# “Proximal Point with Mini Batches"

Throughout our journey in the proximal point land we looked for efficient implementations for minimizing the average loss \(\frac{1}{n} \sum_{i=1}^n f_i(x)\) using the stochastic proximal point method: at iteration \(t\), select \(f \in \{f_1, \dots, f_n\}\), and compute

\[x_{t+1} = \operatorname*{argmin}_x \left\{ f(x) + \frac{1}{2\eta} \|x - x_t\|_2^2 \right\}.\]Since for a general function \(f\) the above is intractable, we covered special and interesting functions \(f\) of practical value to the machine learning community: convex on linear, and regularized variants with an L2 and a generic regularizer. For all of the above, we derived an efficient algorithm to compute \(x_{t+1}\), but our derivations shared one thing in common - we only considered training on one sample at each iteration.
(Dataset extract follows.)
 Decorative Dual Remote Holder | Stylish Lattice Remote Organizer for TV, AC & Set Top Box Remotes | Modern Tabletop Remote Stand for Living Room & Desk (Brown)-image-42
Training by exploiting information from one arbitrarily training sample from the entire training set at each iteration is quite noisy. A standard practice is reducing noise by selecting a mini-batch of training samples, and their corresponding incurred losses, at each iteration. In the following sequence of posts we will derive the mini-batch version of the proximal point algorithm, by following along lines similar to our derivation for convex on linear losses.
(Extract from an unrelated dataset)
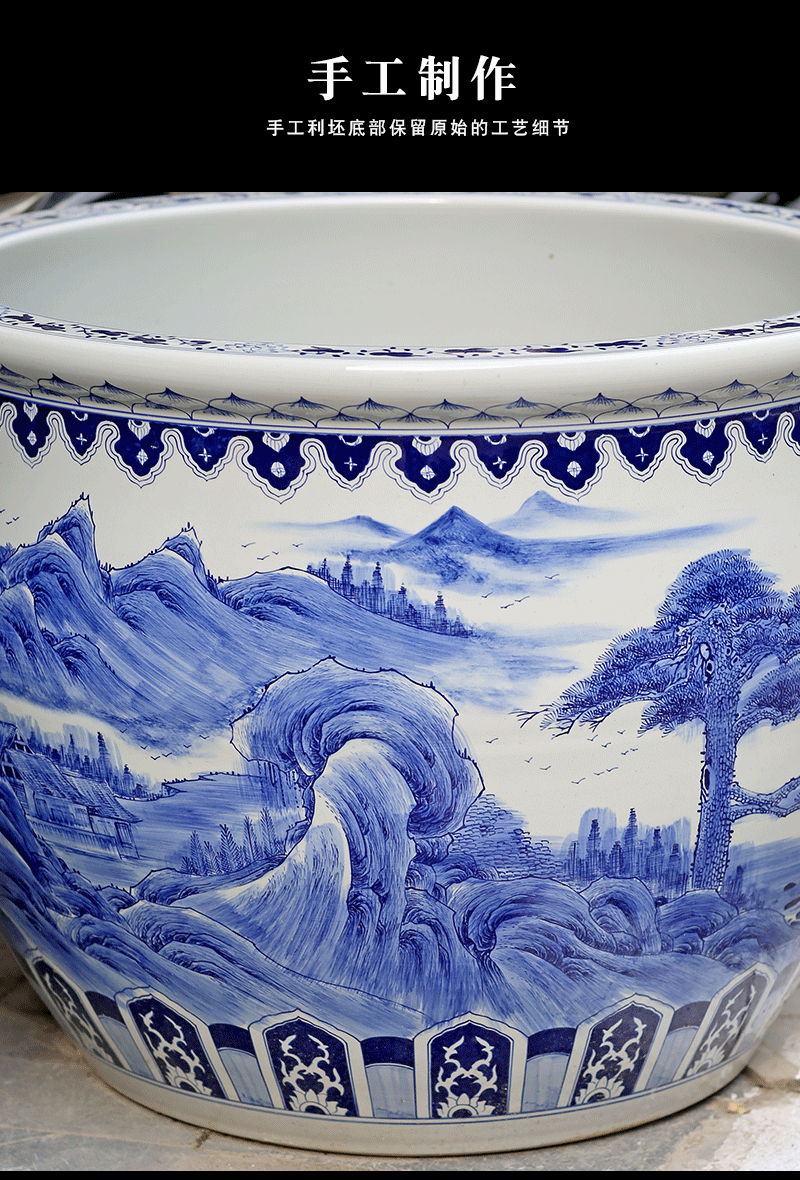 Jingdezhen blue and white porcelain basin of hand - made of long - standing ceramic tank cylinder tortoise mountain true water lily receive calligraphy and painting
# The proximal view on mini-batching

Let’s begin by re-interpreting the mini-batch version of stochastic gradient descent: at each iteration, select a mini-batch of samples \(B \in \{1, \dots, n\}\) and compute:

\[x_{t+1} = x_t - \frac{\eta}{|B|} \sum_{i \in B} \nabla f_i(x_t),\]Recalling the proximal view we discussed at the beginning of the series, the mini-batch SGD step can be written as

\[x_{t+1} = \operatorname*{argmin}_x \Biggl\{ \color{blue}{\frac{1}{|B|} \sum_{i \in B} f_i(x_t) + \left( \frac{1}{B} \sum_{i \in B} \nabla f_i(x_t) \right)^T(x - x_t)} + \color{red}{\frac{1}{2\eta} \|x - x_t\|_2^2} \Biggr\}.\]The red part is, as usually, a proximal term penalizing the distance from \(x_t\). The blue term is a linear approximation of \(\frac{1}{\vert B \vert} \sum_{i \in B} f_i(x)\), which is the *average loss of the mini-batch*. Consequently, we can interpret mini-batch SGD as:

find a point which balances between descending along the tangent of the mini-batch average \(\frac{1}{\vert B \vert} \sum_{i \in B} f_i(x)\) and staying close to \(x_t\).
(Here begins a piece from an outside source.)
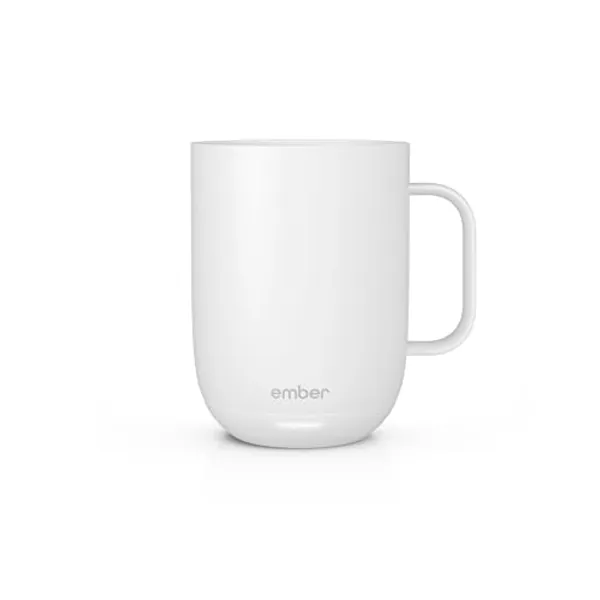 Ember Temperature Control Smart Mug 2-414 ml App-Controlled and Rechargeable Heated Coffee Mug with Intelligent LED Display, 80 Min Battery Life and Improved Design, White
The balance is, as previously, determined by the step-size parameter \(\eta\). If we avoid approximating and instead use the functions directly, we obtain the mini-batch version of the stochastic proximal point method:

\[x_{t+1} = \operatorname*{argmin}_x \Biggl \{ \color{blue}{\frac{1}{|B|} \sum_{i \in B} f_i(x)} + \color{red}{ \frac{1}{2\eta} \|x - x_t\|} \Biggr \}.\]The challenge is, as before, computing \(x_{t+1}\). In this and some of the following posts we will consider the convex on linear setup, and derive efficient algorithms for solving the proximal problem

\[x_{t+1} = \operatorname*{argmin}_x \left \{ \frac{1}{|B|} \sum_{i \in B} \phi(a_i^T x + b_i) + \frac{1}{2\eta} \|x - x_t\|_2^2 \right\}, \tag{PROX}\]where \(\phi\) is a convex function. Recall, that linear least squares and linear logistic regression problems are special instances with \(\phi(t) = \frac{1}{2} t^2\) and \(\phi(t) = \log(1+\exp(t))\), respectively.

Previously, for \(\vert B \vert = 1\) we used a simple stripped-down version of convex duality to derive an efficient implementation, but for our current endaevor the stripped-down version is not enough.

# More than a taste of convex duality

Our encounter with convex duality led us to reformulating a minimization problem with a single constraint to a maximization problem with one variable. Now we present an extension covering minimization problems with several constraints.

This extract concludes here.